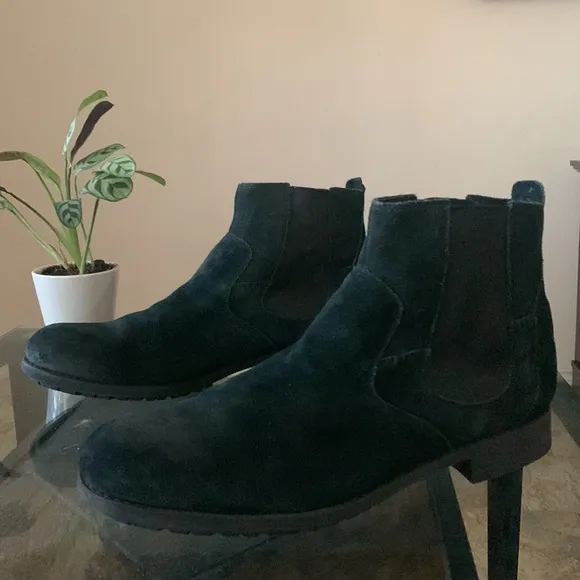 UGG Clyne Suede Ankle Chelsea Boots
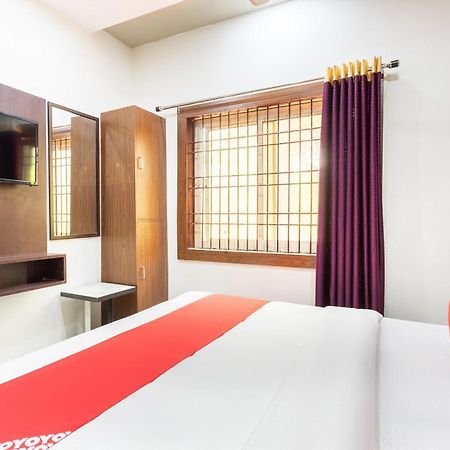โอโย 27867 สาวิตรี รีเจนซี Hotel โบปาล ภายนอก รูปภาพ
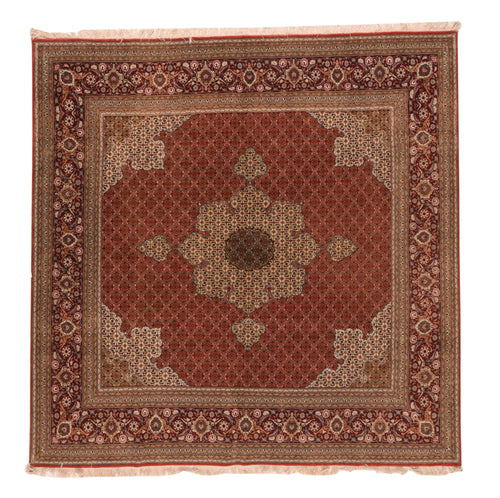 Excellent Persian Tabriz Design Area Rug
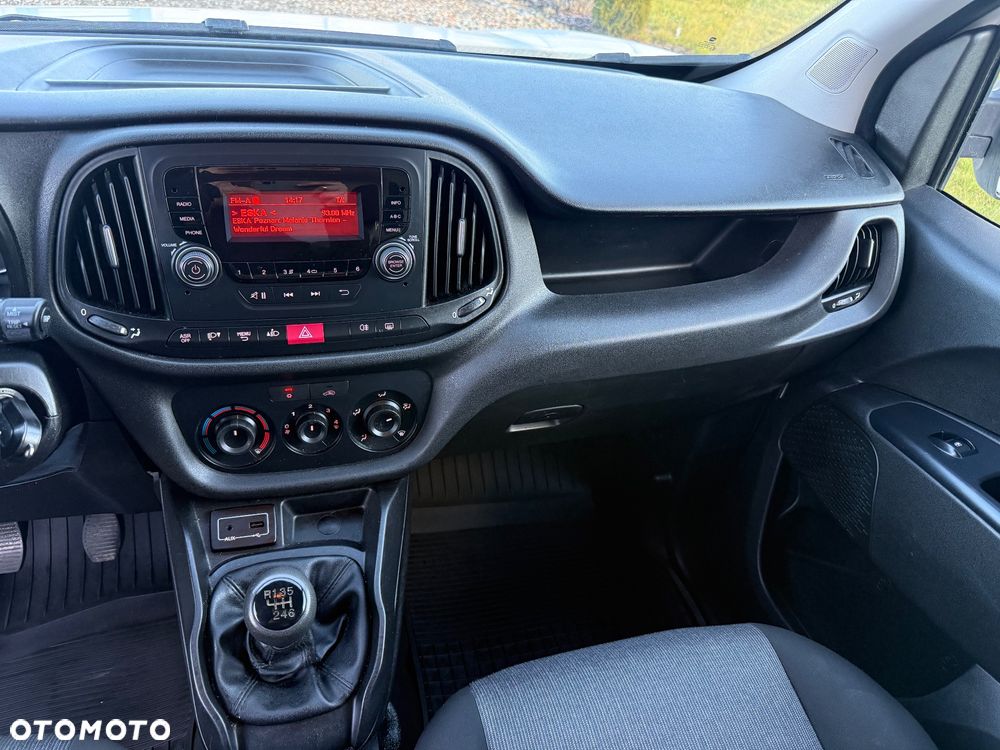 Fiat DOBLO L1H1, gwarancja, 1.6-105km,serwisowany, klima,tempomat, czujniki pdc - 15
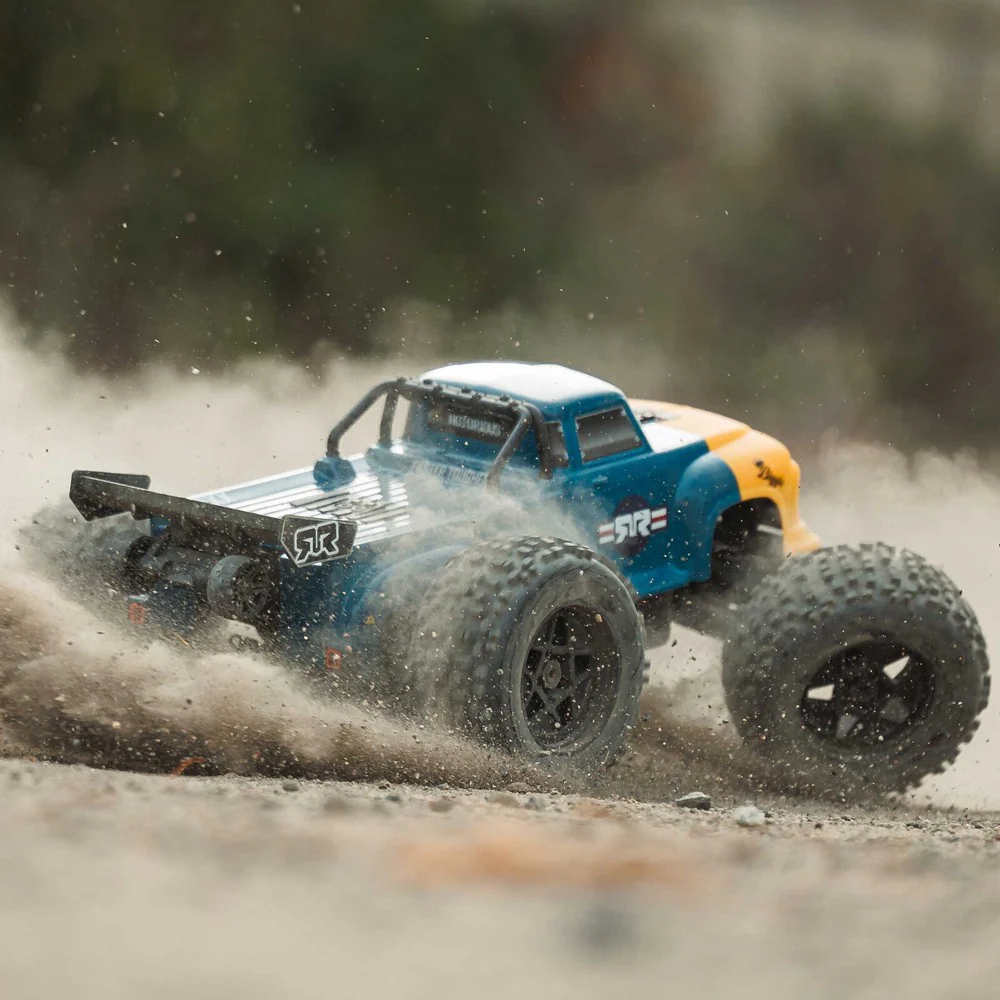 Arrma Notorious 6S BLX 4X4 1/8 Stunt Truck RTR Blue ARA8611V6T2 - Image 17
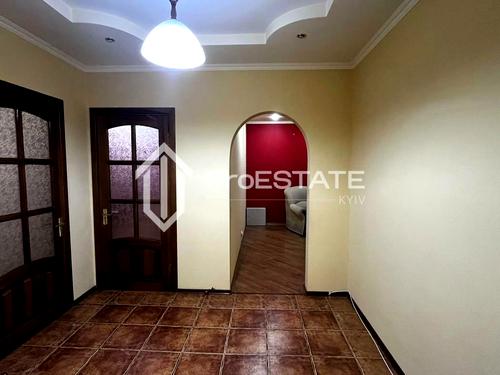 квартира по адресу Головатого ул., 8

WORK INSTRUCTIONS:
Please set down, word for word, the lines starting at the line that holds "Arrma Notorious 6S" and running to the end of the listing, with no pictures.

YOUR SOLUTION:
 Arrma Notorious 6S BLX 4X4 1/8 Stunt Truck RTR Blue ARA8611V6T2 - Image 17
 квартира по адресу Головатого ул., 8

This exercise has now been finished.